After the performance, the Houston Chronicle and KPRC Houston both interpreted the performance as mockery, and a tweet from a Houston sports blogger also took off online: “Holy crap Rice’s halftime show is just the Rice band making fun of Baylor for the program’s sexual assault scandal,” the blogger wrote, later calling the Rice band “total savages.” SB Nation’s Underdog Dynasty described the show as “satire,” and a commentator at the Star-Telegram called it a well-deserved skewering, a perspective echoed by many of the band’s supporters. While the show did do some skewering, I believe the function of the show was simply to let the Bears know that the scandal, barely a year old at this point, has not been forgotten. I think it is neither mockery nor satire to gesture at an existing — and continuing — embarrassment. Indeed, Throckmorton told me that the band members did not intend to mock or shame Baylor; rather, he said, “I am confident they did want to shine a light.”
And the scandal was not the show’s only subject. There were also references to nanotechnology and neurobiology, an unnecessary insult about people educated in Waco not being able to spell, and an unscripted admonishment of audience members who had been pointing lasers at the field.

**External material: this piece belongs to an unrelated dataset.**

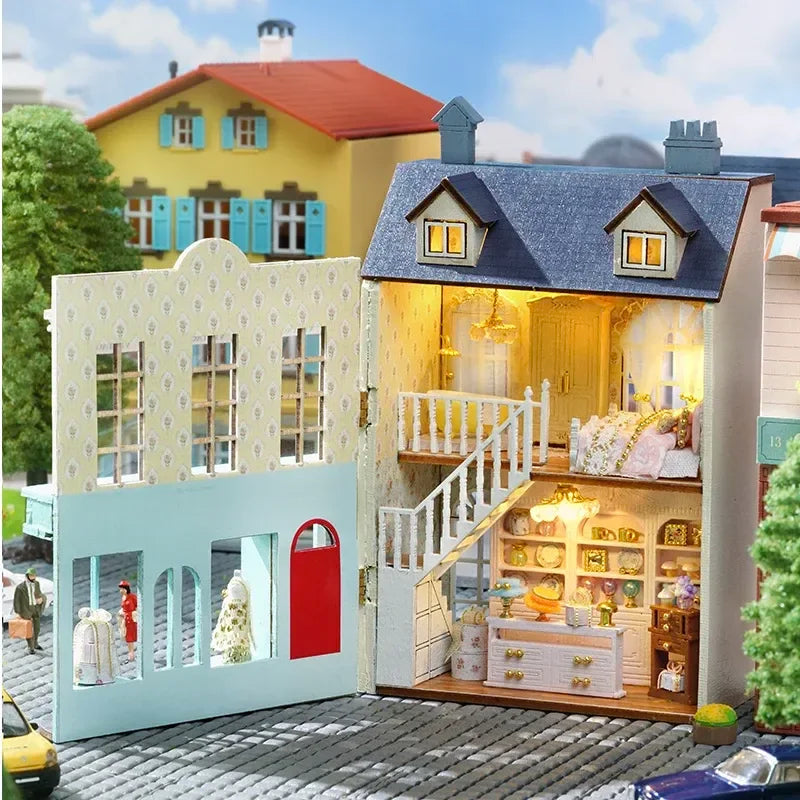 Kit de casa de muñecas en miniatura de madera DIY | Regalo creativo para todas las edades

The “IX” segment was, on its face, about the number of Supreme Court justices. Far from being a sick burn solely dedicated to roasting the Baylor administration and football program, the show was remarkably restrained on the Title IX front.
Yet marching formations and snarky remarks, coming from performers who have used much stronger firepower in the past, were enough to cause fans to lash out not at those responsible for Baylor’s failures, but at those who dare mention it even exists. Clearly, the cultural change needed to prevent this type of failure of responsibility from happening again has only begun.

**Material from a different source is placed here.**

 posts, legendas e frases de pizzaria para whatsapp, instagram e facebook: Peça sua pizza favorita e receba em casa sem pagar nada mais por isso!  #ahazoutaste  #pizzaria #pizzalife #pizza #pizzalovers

It is true that many Bears fans have not been indignant apologists. But the response from many others in the audience — like those who stood to applaud Briles — suggests that college football culture remains resistant to talking about its failures to protect victims of sexual violence. For those in the business of upending poisonous systems of power, the claim that there is a proper place and time for bringing up rape, which always seems to be nowhere and never, shows that there’s still a long way to go.
The naming of a wrongdoing is never worse than the wrongdoing itself. Not even when the indictment targets an object of the kind of unbridled loyalty we reserve for our favorite sports franchises. But it’s that willfully blind mindset that has led to Baylor’s situation and many, many others like it. Sexual violence is an outrage. If we want to end rape culture on college campuses, and in society at large, we can’t treat the act of acknowledging it as outrageous, too.